• [SOURCE MATERIAL]
★ ★ ★

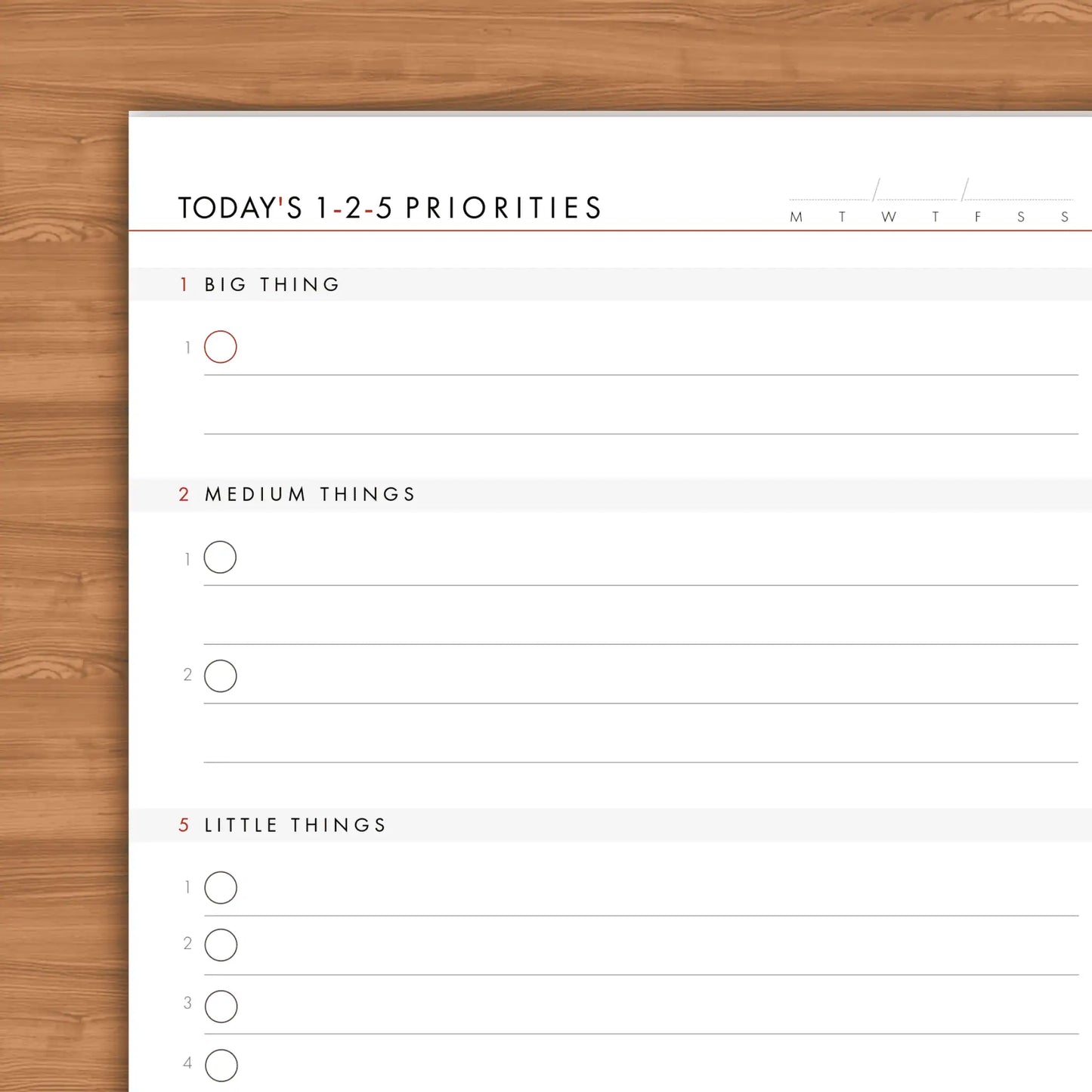 1-2-5 Daily Productivity Pad (Medium)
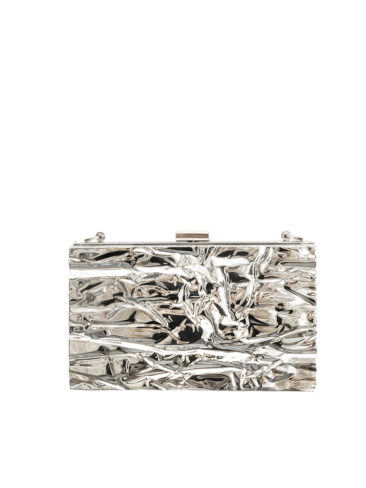 A.KOM // RECTANGULAR TEXTURED METAL ACRYLIC BAG, SILVER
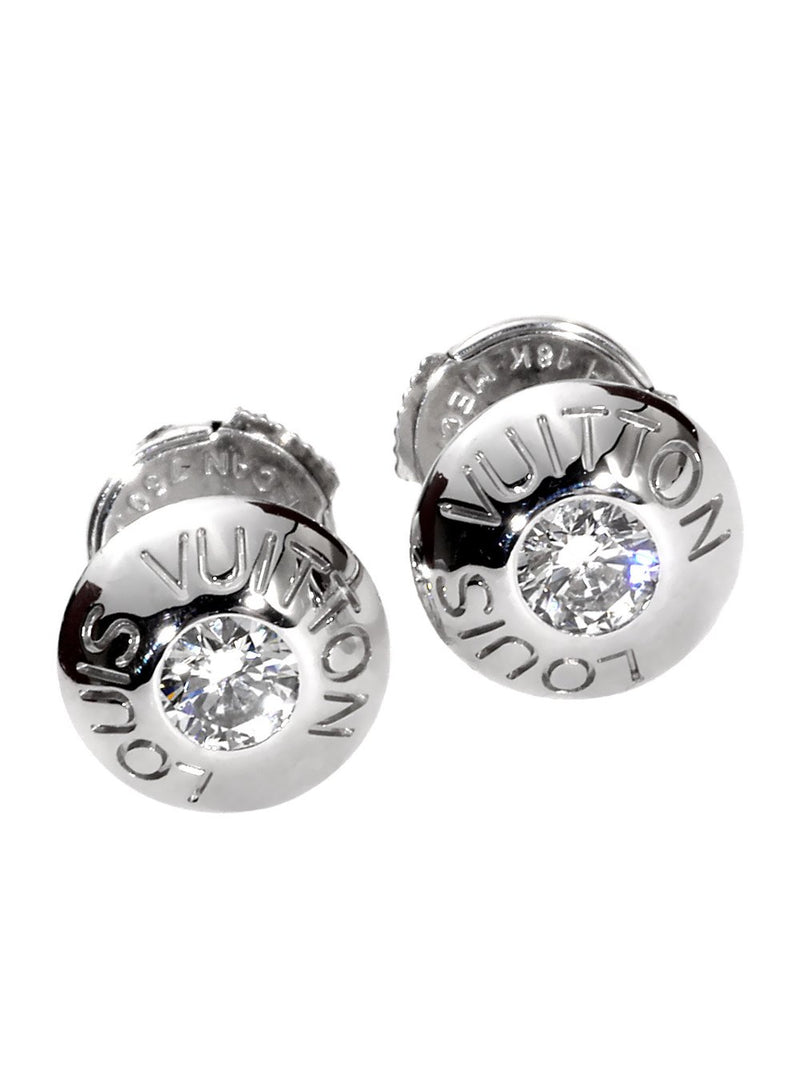 Louis Vuitton Diamond Stud Earrings - 18K White Gold Stud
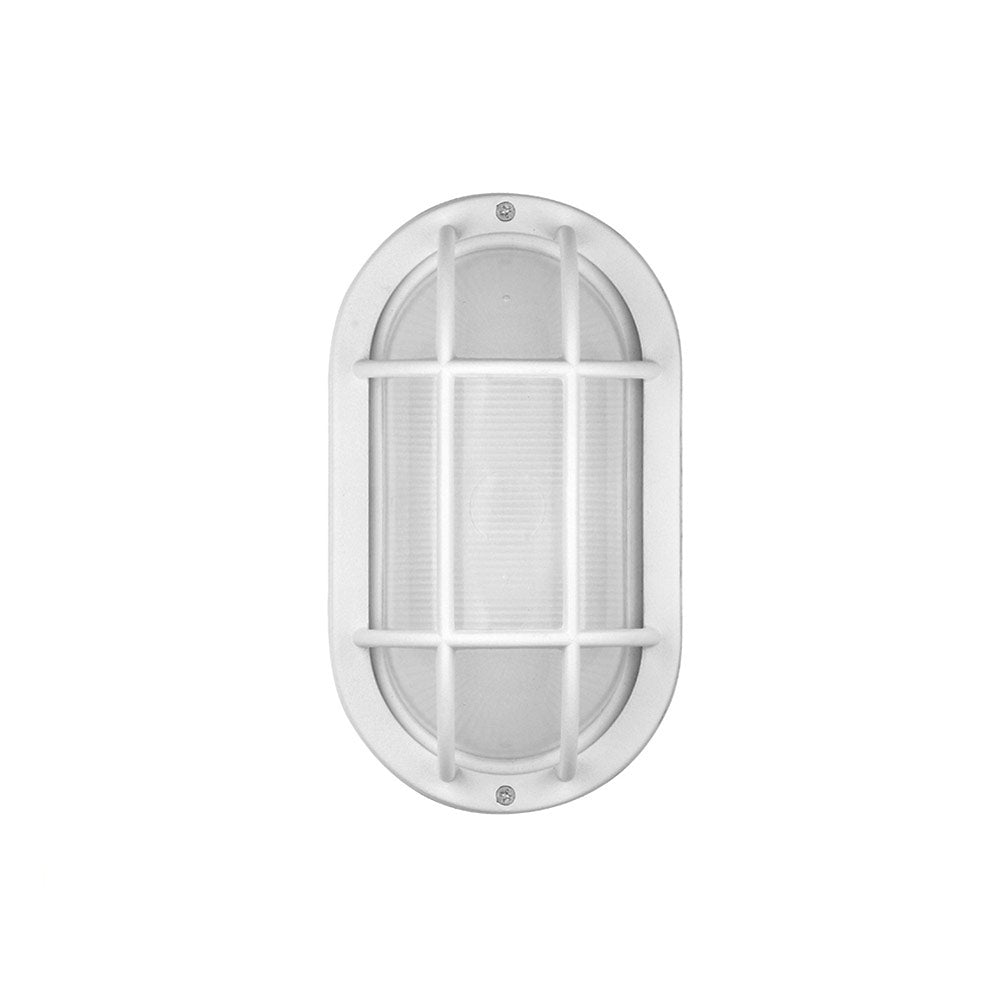 Euri Lighting 5" Matte White Aluminum Outdoor Bulkhead Wall Light With Frosted Glass Lens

★ ★ ★

• [TASK TO COMPLETE] For this exercise, write out the listing verbatim and leave every image out.

• [EXERCISE ANSWER]
 1-2-5 Daily Productivity Pad (Medium)
 A.KOM // RECTANGULAR TEXTURED METAL ACRYLIC BAG, SILVER
 Louis Vuitton Diamond Stud Earrings - 18K White Gold Stud
 Euri Lighting 5" Matte White Aluminum Outdoor Bulkhead Wall Light With Frosted Glass Lens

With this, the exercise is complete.